--- Collected data Enclosed Below ---

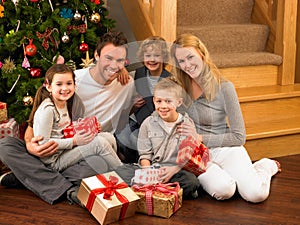 Young family at home exchanging gifts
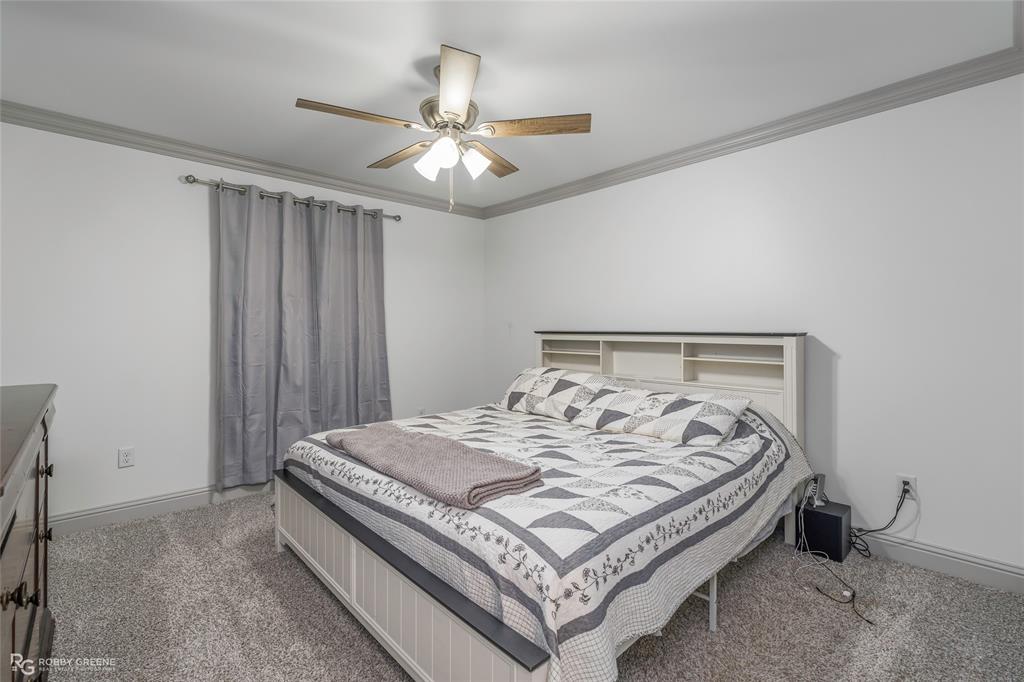 396 Collinswood Road Stonewall, LA 71078 - Photo 20 of 32 a bed sitting in a bedroom and chandelier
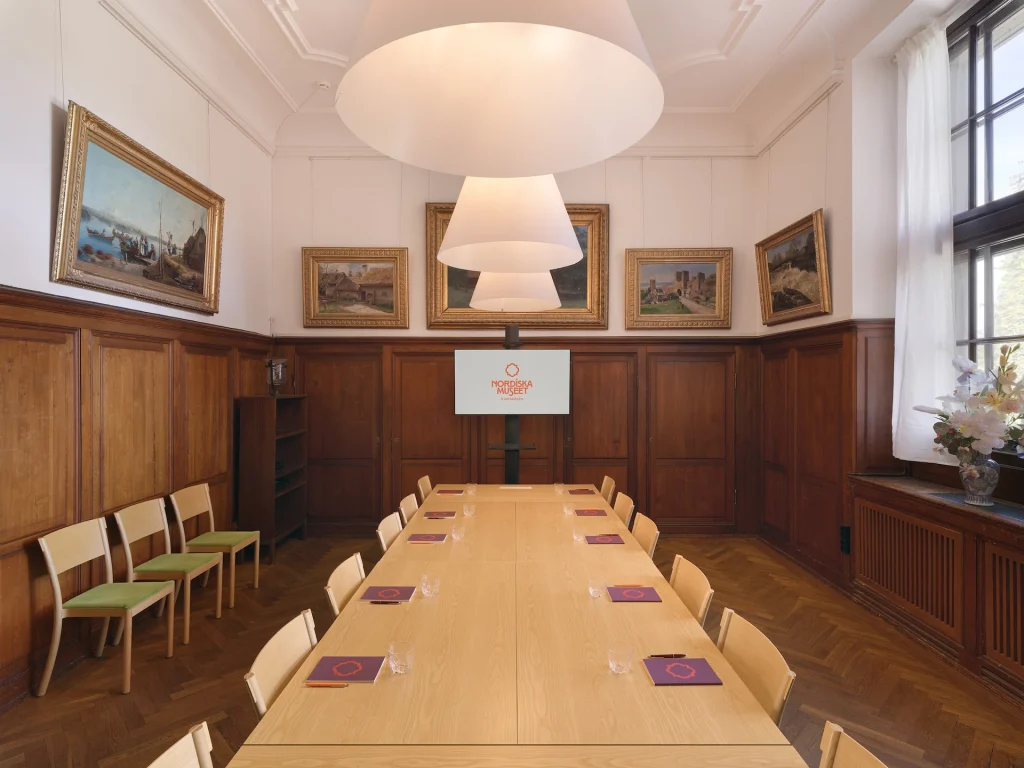 Ett mötesrum med mörk träpanel, parkettgolv, stort fönster, konferensbord och storbildsskärm med Nordiska museets logotyp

--- End of Enclosed Collected data ---

■ **Work instruction**
Write out exactly the lines from the one that contains "396 Collinswood Road" through the last line of the data above, both included. Leave every picture out.

■ **Response**
 396 Collinswood Road Stonewall, LA 71078 - Photo 20 of 32 a bed sitting in a bedroom and chandelier
 Ett mötesrum med mörk träpanel, parkettgolv, stort fönster, konferensbord och storbildsskärm med Nordiska museets logotyp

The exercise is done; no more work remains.